■ **Task**:
Below are several records. Retype exactly those lines running from the one with "Balıkesir İl Jandarma" through the one with "Appraisal: Box of assorted compacts", end lines included, and no others.
-------- Data for review
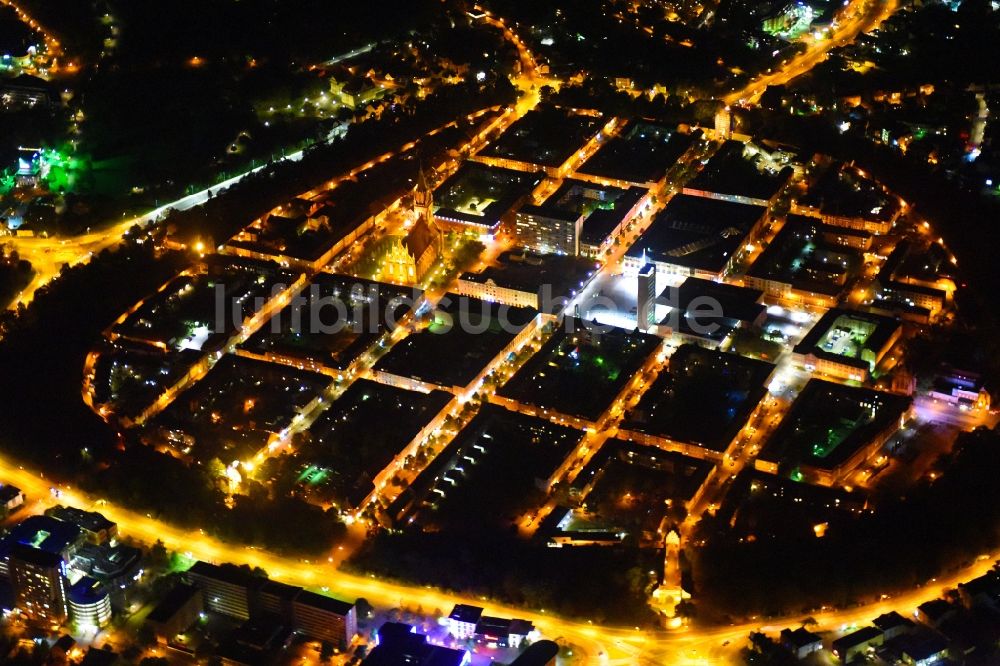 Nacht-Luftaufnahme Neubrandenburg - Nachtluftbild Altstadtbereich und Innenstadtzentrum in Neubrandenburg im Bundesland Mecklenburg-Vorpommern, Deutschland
----------------
-------- Data for review
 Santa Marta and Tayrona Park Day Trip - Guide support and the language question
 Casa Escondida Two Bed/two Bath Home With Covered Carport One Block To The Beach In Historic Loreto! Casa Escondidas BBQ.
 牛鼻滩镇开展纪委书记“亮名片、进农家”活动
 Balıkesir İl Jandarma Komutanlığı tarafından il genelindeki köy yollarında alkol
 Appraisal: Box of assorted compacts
----------------
■ **Task solution**:
 Balıkesir İl Jandarma Komutanlığı tarafından il genelindeki köy yollarında alkol
 Appraisal: Box of assorted compacts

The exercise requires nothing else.